According to Florus it was while Varus was in his summer camp holding court that suddenly the Germans broke in upon him. Mommsen is undoubtedly correct in saying that this ridiculous representation does not reflect real tradition, but a picture of sheer fancy manufactured out of it. Doubtless it is nothing but a rhetorical exaggeration of the silly security into which Varus is represented as having been inveigled, and by which the disaster is dramatically brought about. It is past credibility that the Germans in such numbers could have broken into the Roman camp without arousing suspicion, or without having come into contact with the Roman sentries. And the more so if Varus had already been warned by Segestes of the enemy’s plans. Further, the storming of a single camp is out of harmony with the two camps mentioned by Tacitus, and clearly implied in Dio’s narrative. And it is difficult to believe that Varus would choose such a place for his summer camp—one shut in by forests, swamps, and untrodden ways. The entire description of the place where the battle was fought is far more in keeping with a camp pitched by an army on the march, than with a summer camp, in which Varus exercised the functions of a judicial office. Moreover, Florus’ account is contradicted by Velleius[19], who says that Ceionius, one of the prefects of Varus’ camp, wished to surrender to the enemy just at the time when a large part of the Roman army had fallen in battle. Now if this refers to the first camp, in which the Romans must have left a detachment (for which there is no direct evidence), then the main part of the army must have come out in orderly wise, and no unexpected surprise at the hands of the Germans could have occurred. Or, if it refers to the second camp, it was clearly not the summer camp, as Florus relates.

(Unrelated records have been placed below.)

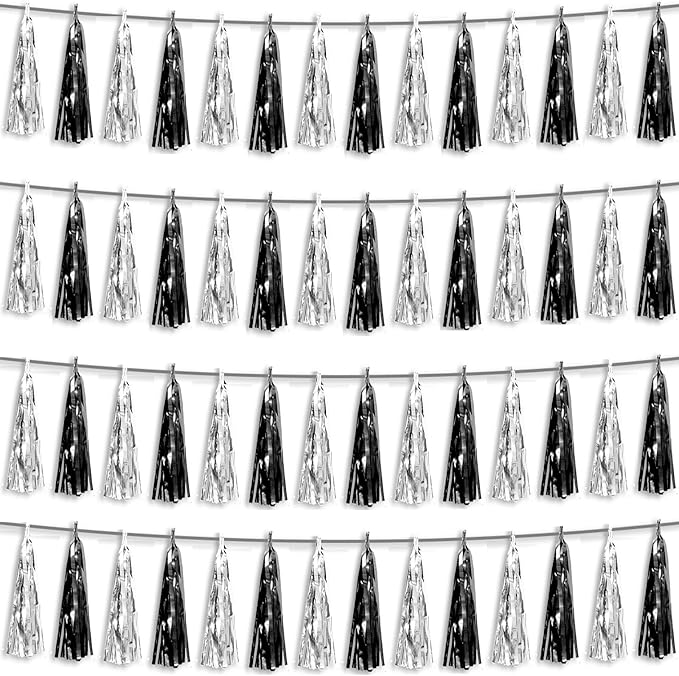 4P Black Silver Foil Fringe Metallic Tassel Streamers Banner Tassel Garland by HYSILLA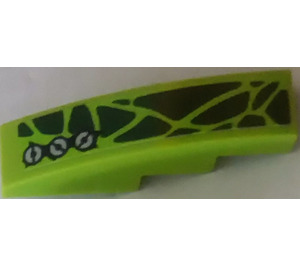 LEGO Lime Slope 1 x 4 Curved with Dark Green Scales and 3 Screws (Right) Sticker (11153)
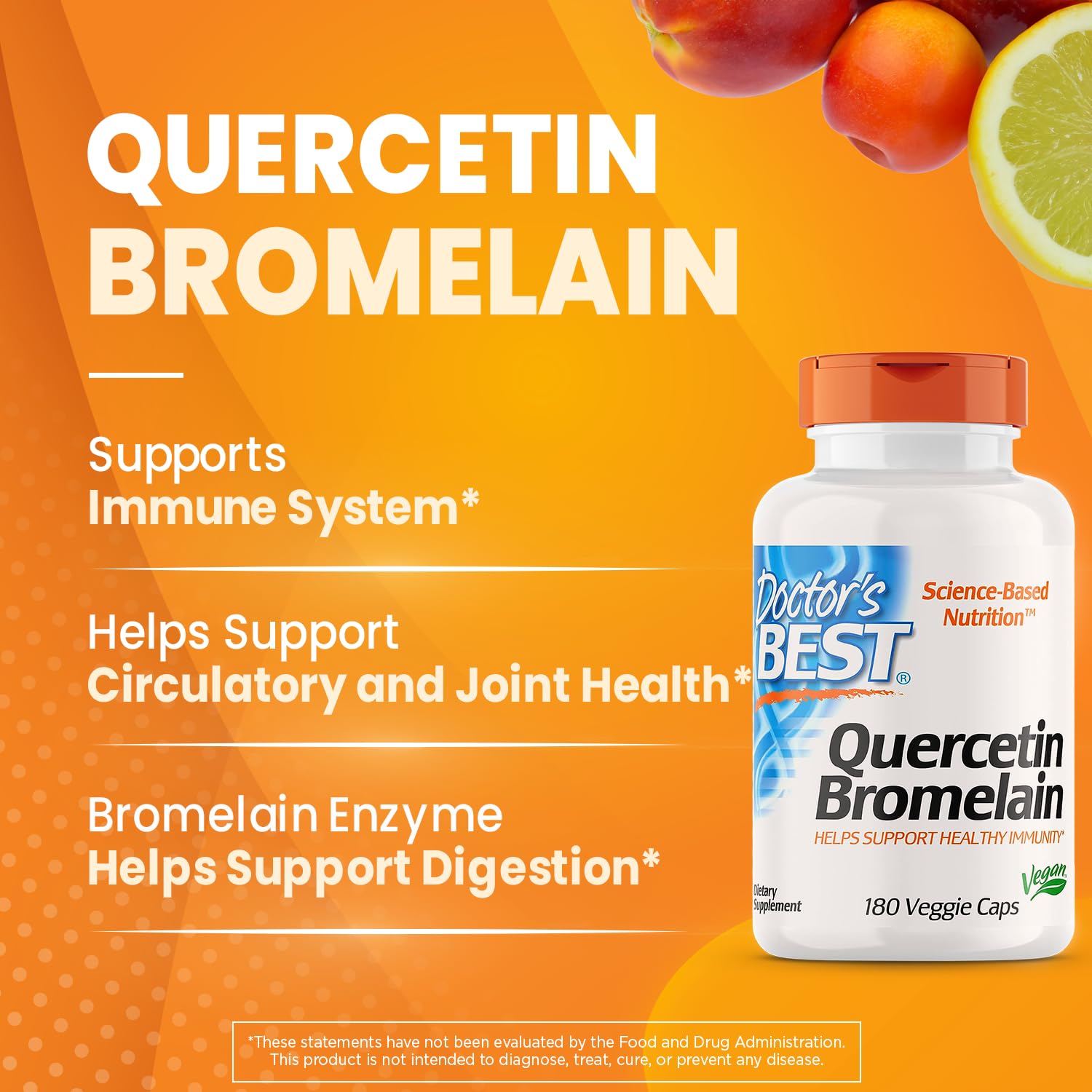 Doctor's Best Quercetin Bromelain, Immunity Support, Heart, Joint & Healthy Respiratory System, Non-GMO, Vegan, Gluten Free, Soy Free,180 VC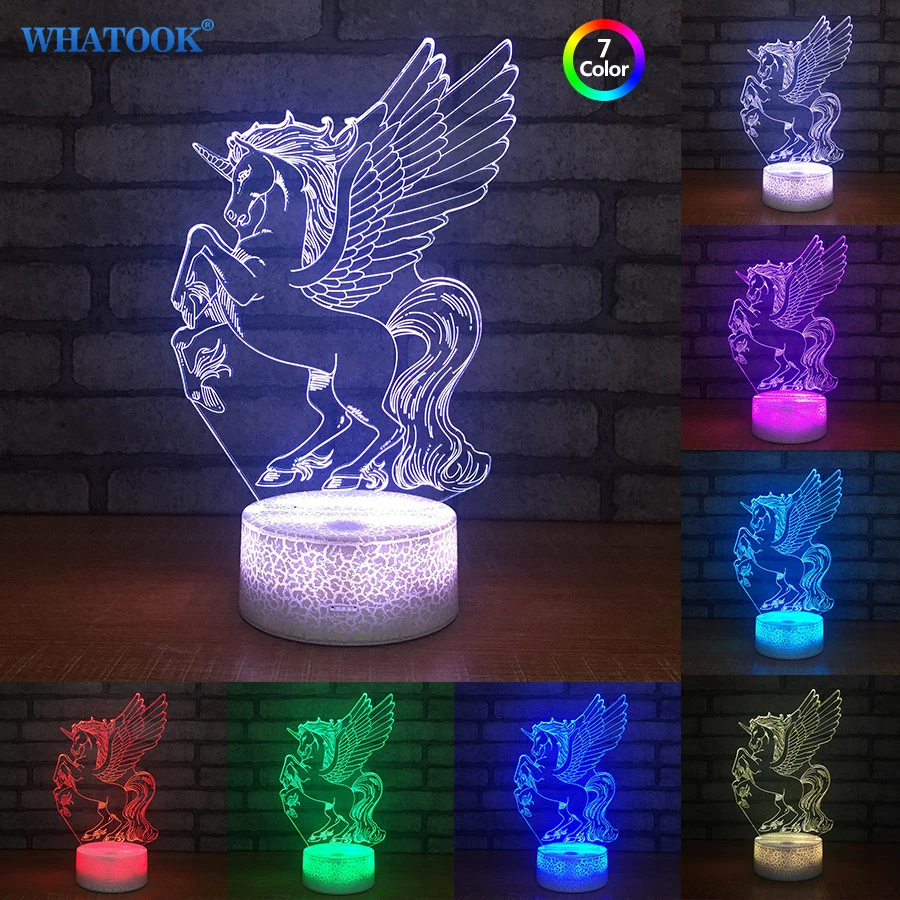 Новое поступление 2018 3D ночсветильник Pegasus светодиодный фонарь Luminaria в виде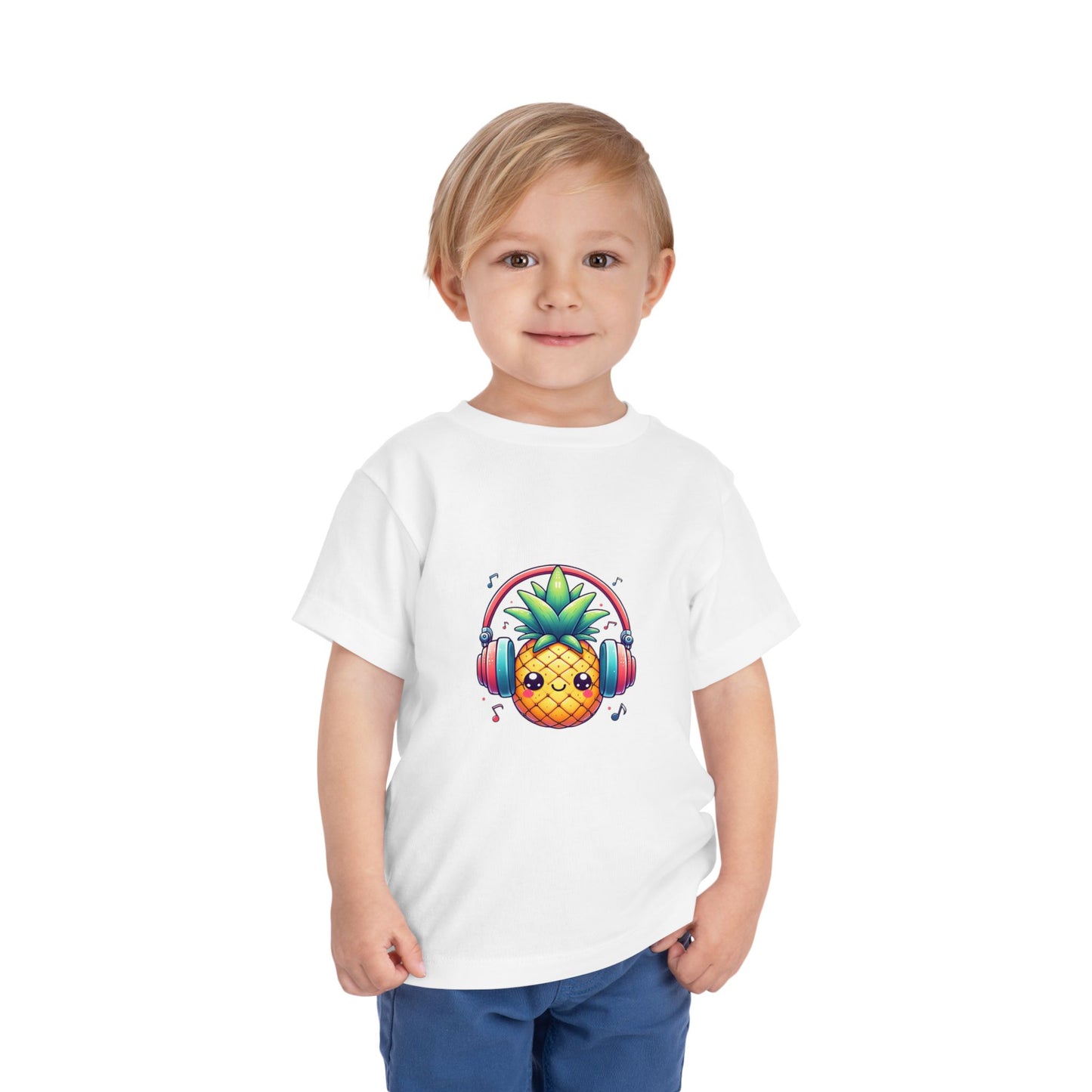 Happy Pineapple w/ Headphones Toddler Short Sleeve Shirt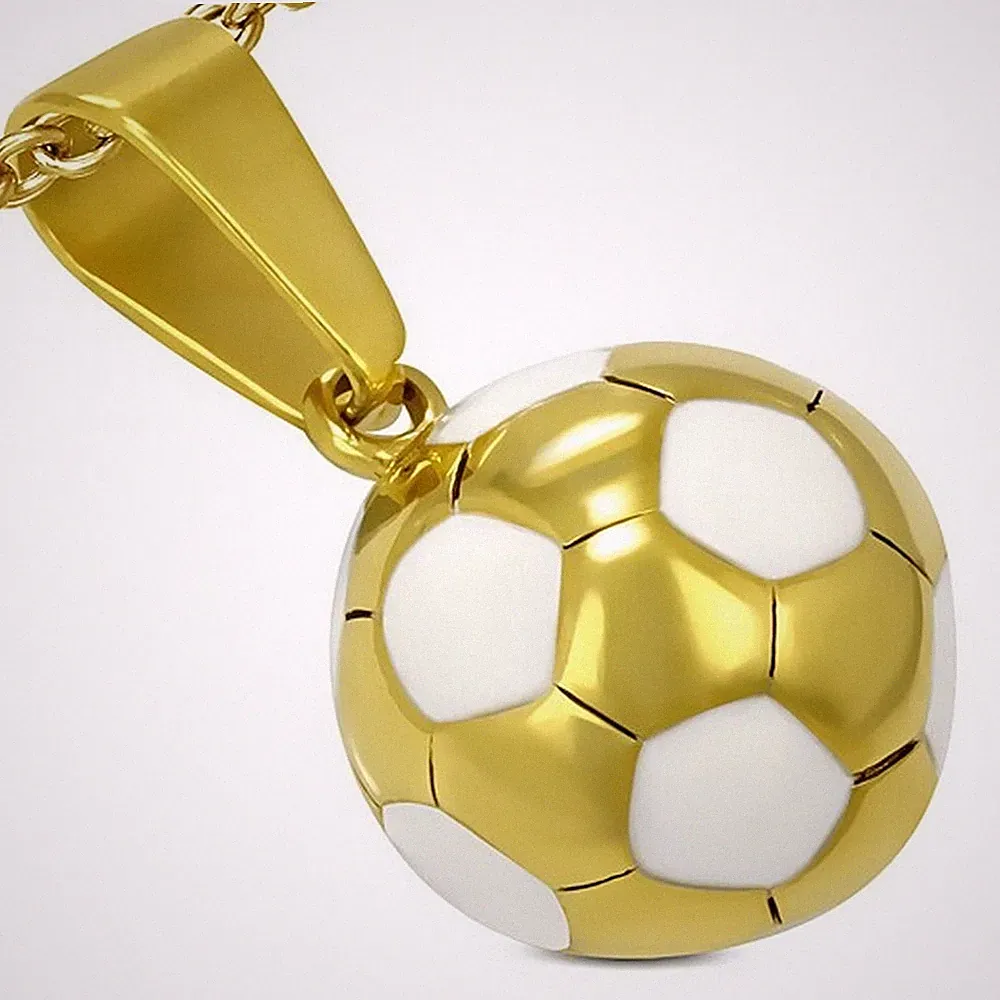 gold soccer necklace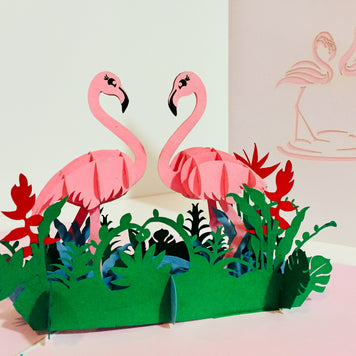 Large Pink Flamingos Mother & A Baby Origami Pop Cards 3D Pop Up Greeting Card Best Wishes Happy Birthday Gift Thank You Handmade Best Wishes Blank Card for Any Occasion Happy Mother's Day Happy Father's Day Celebration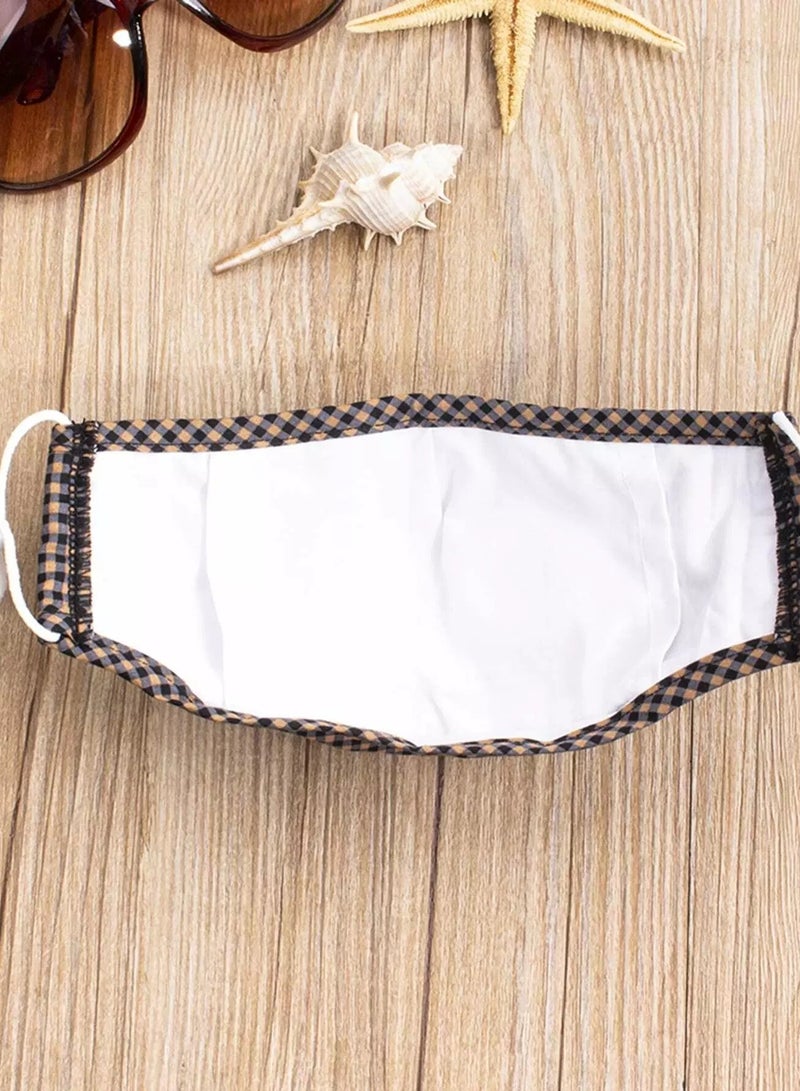1pc Gingham Pattern Face Covering With Valve Breathable  - Image 3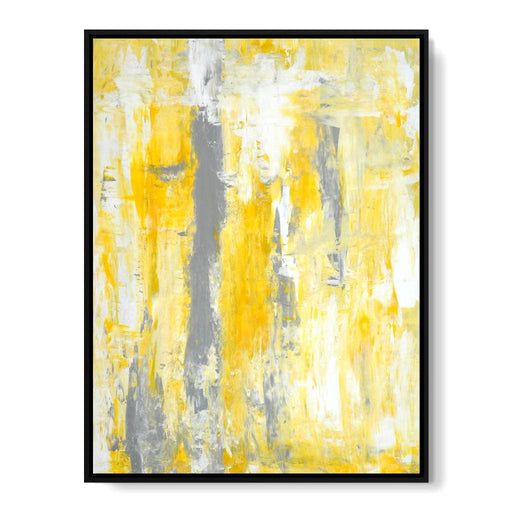 Grey & Yellow Abstract Art Painting Canvas Print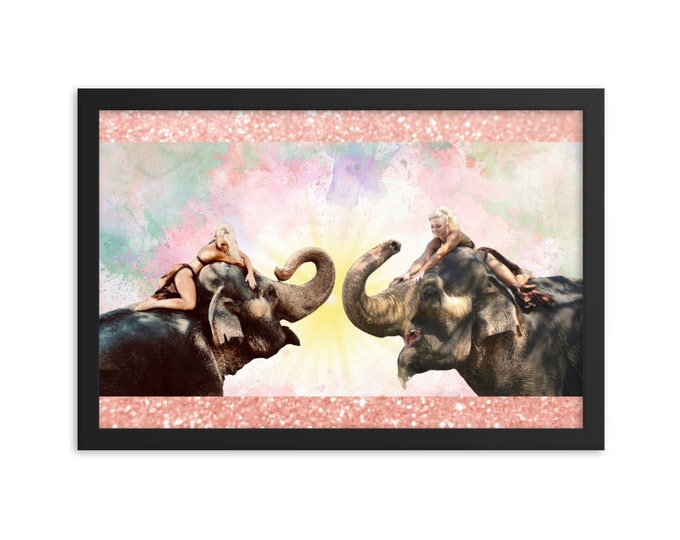 Elephant Girl Framed Poster (12X18)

Florus’ account is by no means a bare narration of events, nor does he bring forward events in their sequence. His choice both of materials and the grouping of facts is with reference to the leading thought. The very words introducing the story of the Germanic wars show that they serve as the theme for the part that follows: “Germaniam quoque utinam vincere tanti non putasset! magis turpiter amissa est quam gloriose adquisita.” The same is true of the words by which he passes on to the events under Varus’ rule: “sed difficilius est provinciam obtinere quam facere.”[20] Having assumed that Augustus conquered Germany, Florus seeks to maintain the thesis that the government of a province is a difficult undertaking; that Varus took the task all too lightly, and as a result Germany was ignominiously lost. It is significant that Florus is the only author who asserts that Augustus wished to conquer Germany. And the reason assigned for this conquest is as follows: “set quatenus sciebat patrem suum C. Caesarem bis transvectum ponte Rhenum quaesisse bellum, in illius honorem concupierat facere provinciam.”[21] It is absurd to believe that Augustus ever intended to make a province of Germany for so puerile a reason as merely to honor Julius Caesar, for the latter “had not charged the heirs of his dictatorial power with the extension of Roman territory on the north slope of the Alps and on the right banks of the Rhine so directly as with the conquest of Britain.”[22] If Augustus had desired to make a province in honor of his father, he would doubtless have conquered Britain instead, in accordance with Caesar’s supposed wish. Julius Caesar’s expeditions against the Germans were, as stated by Mommsen himself[23], merely forward movements of defense. And it seems reasonable to assume that Augustus did not, as Florus tells us, wish to conquer Germany, but was merely continuing in a more extensive manner the policy of his father.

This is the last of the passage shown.